**AIM OF THE TASK:**
Go through the listing that follows and write it out exactly. Drop the pictures.

**INFORMATION PROVIDED:**
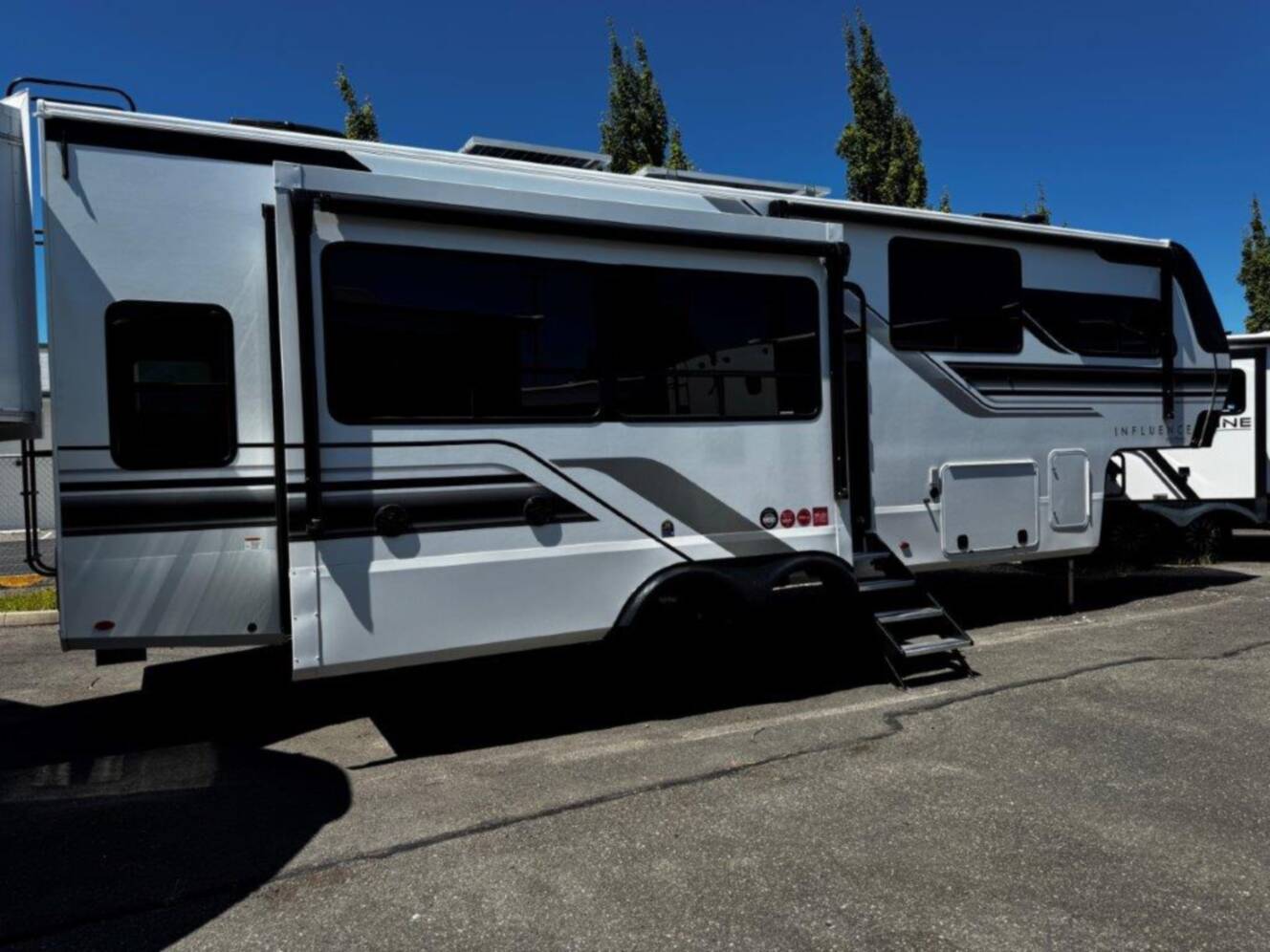 A photo of this 2027 Grand Design Influence 2903RL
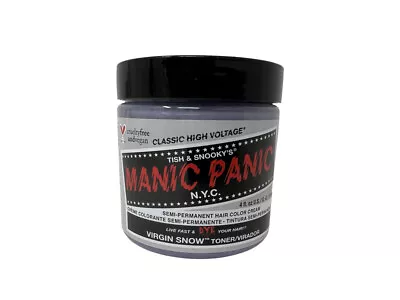 Manic Panic Virgin Snow 4oz • $11.85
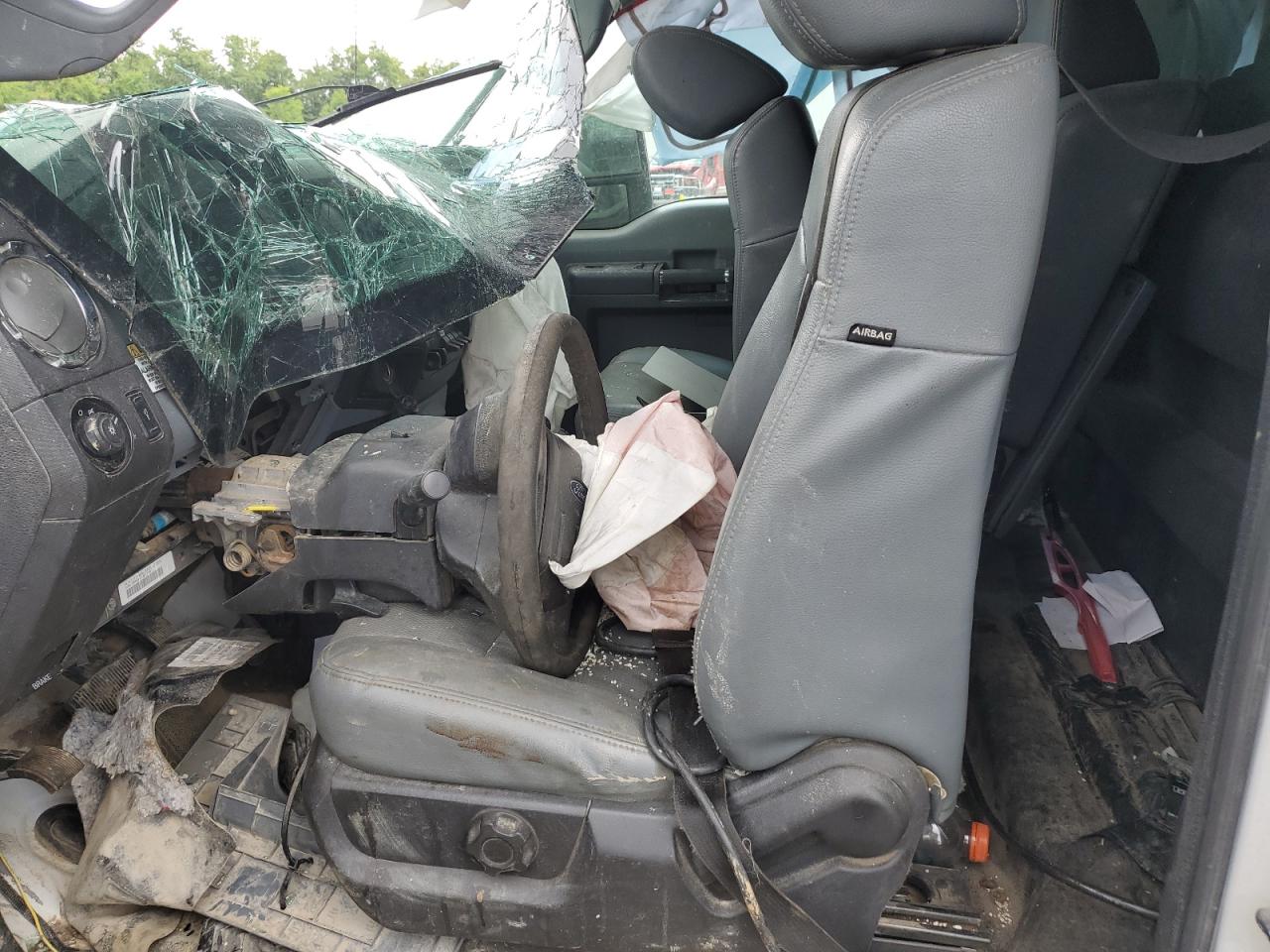 2015 Ford F350 Super Duty VIN: 1FDRF3G64FEB90376 Lot: 63403755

**SOLUTION:**
 A photo of this 2027 Grand Design Influence 2903RL
 Manic Panic Virgin Snow 4oz • $11.85
 2015 Ford F350 Super Duty VIN: 1FDRF3G64FEB90376 Lot: 63403755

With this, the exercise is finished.